The next day we headed out to the country, driving through the ger districts of UB. 60% of the city population lives in gers, and kindly their coal heating produces a nice layer of smog over the city, which, let's be honest, doesn't compare to Beijing's (at least Beijing on a bad day). We kept going out to Terelj National Park, and were picked up by a herder driving an ox cart. We forded the river (never caulk the wagon), Ben got cholera, and now when you pass the spot in future games there's an RIP Ben headstone. We reached the herder's ger, and went in for tea. The Mongolians are huge fans of milk tea, just a combination of regular tea with some milk and (usually) salt. It was great the first time I had it. But after my 20th bowl (every family we went to see insisted on us having some...they're big on hospitality, by which I mean, force-feeding), I was really sick of it. I also think that the milk tea may have given me food poisoning that appeared at 10 PM the night I was leaving. That country milk was definitely not pasteurized (also unhomogenized, raw, in a recylable container)... ;)

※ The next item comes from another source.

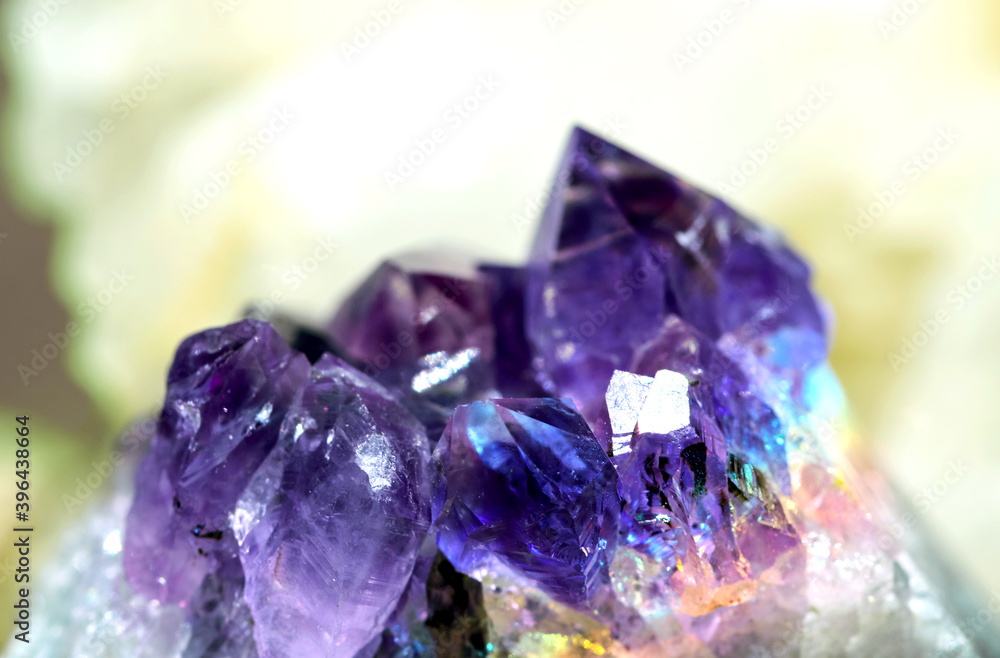 Beautiful crystal magic amethyst gem stone. Texture of specimen with scattered natural light effect. Beautiful crystal magic amethyst gem stone. Texture of specimen with scattered natural light effect.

The travel between ger/herder families was again via ox cart, which was great because travelling so slowly (~3 mi/hr) you can really absorb the silence and the beauty around you. Also, it was important to notice that the gers were, practically speaking, extremely far apart, which you wouldn't have noticed had you zipped in a car between them. We arrived at the next ger family, who had a very good looking son, what can I say, I have it for men in deels. The father, appropriately known as Bold (who knows how you spell that in Mongolian), was famous in the area for how much he could eat. The first family told me "He can eat 40 buuz! (dumplings)." Actually, it was communicated as flashing 10 fingers four times, pointing to a buuz, and telling Ben in Mongolian, "the next herder." We had some tea, then some more tea, then we helped milk the cow, blah blah, had dinner, and then played ankle bones, which is a game using pig ankle bones as dice, which made me feel like a fortune teller as we played it around a candle in a hut sitting on the floor.

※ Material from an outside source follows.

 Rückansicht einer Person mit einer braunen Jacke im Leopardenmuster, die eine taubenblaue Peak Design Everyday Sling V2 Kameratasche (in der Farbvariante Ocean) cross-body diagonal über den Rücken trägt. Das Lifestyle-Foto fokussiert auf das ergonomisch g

The next day we woke up to the cow I had dubbed "Maggie" the night before as an ex-cow. I guess there was a reason she was being kept in the fenced area around the ger. Watching her being taken apart was somewhat horrifying. Also horrifying was watching them dismember her not only without gloves (and the son cut his hands on a rib at one point, giving him all the diseases Maggie had), but just wearing the same old deel they wear for everything else. Awesome.

We did some archery, went to another ger (oh, did I mention they insulate their barns and gers with cow poop?), ate some horse meat (didn't know it was horse meat at the time, thought it was beef) and then headed to a nice lodge where we lived in luxury for an evening and the next morning. We also rode horses the next morning, which was frustrating because the horses wouldn't listen to us. Headed back to UB, got dinner with Kyle Jaros, was sick all night from food poisoning, flew back to Beijing. Ben said being sick was retribution for my trip to Mongolia being too "easy." Evidently the cold was not as bad as it normally is. But don't worry, it was enough for a temperature-sensitive poser Californian like me.

So Mongolia was definitely one of the most different places I've been. It really was like being in a different era. One without electricity (though sometimes with cell phones that can be charged via a battery pack), where three generations live in a single room, and where traditional dress is not synonymous with out-of-the-ordinary.

4 comments:

ahhhcrap said...

wow! mongolia seems really cool! i definitely didn't go there before. really jealous you got to hear a concert with those instruments too. i've seen a cow taken apart, but only in america. not in the old school way, which sounds... intense.

ghenghis khan the gang-banger eh? maybe that's why asian porn is so weird.

on a somewhat related topic to asian porn, i'm sure you've seen pictures of winslow and melissa on facebook, and you've probably figured it out =)

Emily said...

intense, and filthy.

wait, is winslow part-asian?!? ;)

Unknown said...

Thanks for keeping us in le loop, Em! This is great stuff.

Unknown said...

the revenge of ghengis khaan got you there at the end emily...its ok, its a rite of passage.